Awal penelitiannya hanya untuk mengetahui arah kiblat di kota-kota besar dunia dengan menggunakan perkiraan matematika dan kaidah yang disebut “spherical triangle” ia mulai menggambar suatu lingkaran dengan Makkah sebuah titik pusatnya, dan garis luar lingkaran adalah benua-benuanya. Dia dibantu dengan topografi tahun 90-an yang telah menjadi teori yang mapan bahwa secara ilmiah lempengan-lempengan bumi terbentuk selama usia geologi yang panjang, bergerak secara teratur di sekitar lempengan Arab.
Lempengan-lempengan itu secara terus-menerus memusat ke arah Makkah. Berdasarkan hasil penelitian ini, Arab Saudi meresponsnya dengan memulai proyek besar untuk mengganti rujukan waktu dunia dari GMT (Greenwich Mean Time) menjadi Makkah Mukarromah Time ( MMT). Dengan demikian, Kota Makkah bukan hanya sekadar arah kiblat, tetapi juga sebagai pusat koordinasi hitungan waktu. Jika waktu MMT ini diterapkan, akan memudahkan bagi setiap Muslim untuk mengetahui waktu shalat.

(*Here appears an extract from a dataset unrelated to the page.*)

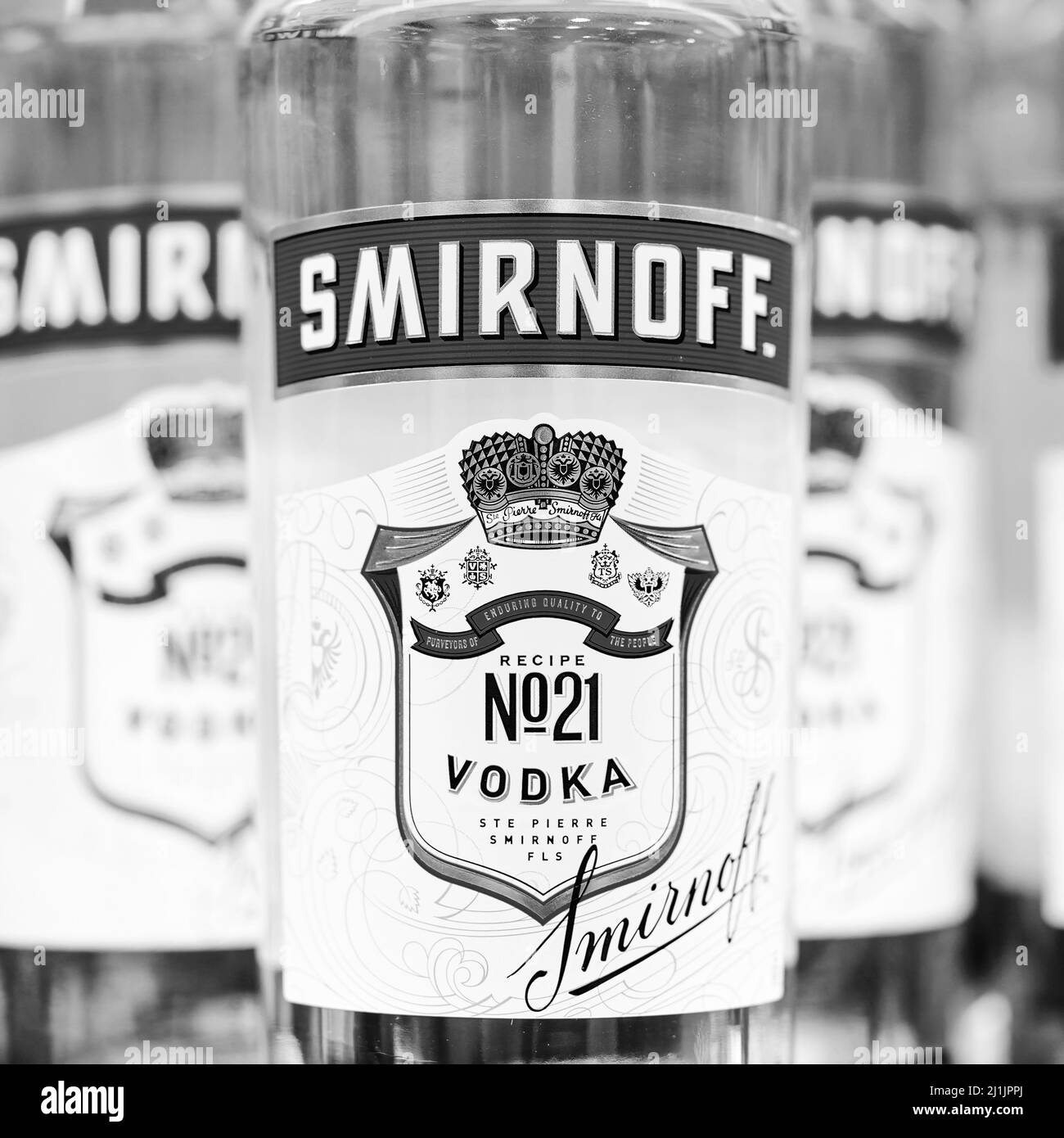 Russischer Wodka. Flaschen Smirnoff Wodka auf einem Regal im Duty-Free-Shop am Flughafen Dubai. Traditionelles russisches Souvenir. 12,02,2022, Dubai, VAE Stockfoto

Bagi umat Islam, menghadap kiblat merupakan syarat sah shalat karena adanya perintah dalam Alquran surah Albaqarah ayat 144-149. Kesepakatan ini berlaku pada shalat fardu (wajib) dalam keadaan aman. Ketika dalam keadaan tidak aman dan menakutkan (seperti dalam keadaan perang) atau orang yang sedang dalam perjalanan di atas kendaraan, boleh setelah awalnya menghadapkiblat, selanjutnya mengikuti arah tujuan kendaraan.
Kalau kita berada di Masjidil Haram dan dekat dengan Ka’bah, ulama mengharuskan kita menghadap secara tepat ke bangunan Ka’bah. Dan, kalau kita berada di dalam Ka’bah, kita boleh menghadap ke mana saja kecuali ke arah pintu Ka’bah (menghadap keluar). Ini yang dicontohkan Rasulullah ketika beliau shalat di dalam Ka’bah, beliau diriwayatkan berjalan ke arah dinding dan shalat dua rakaat.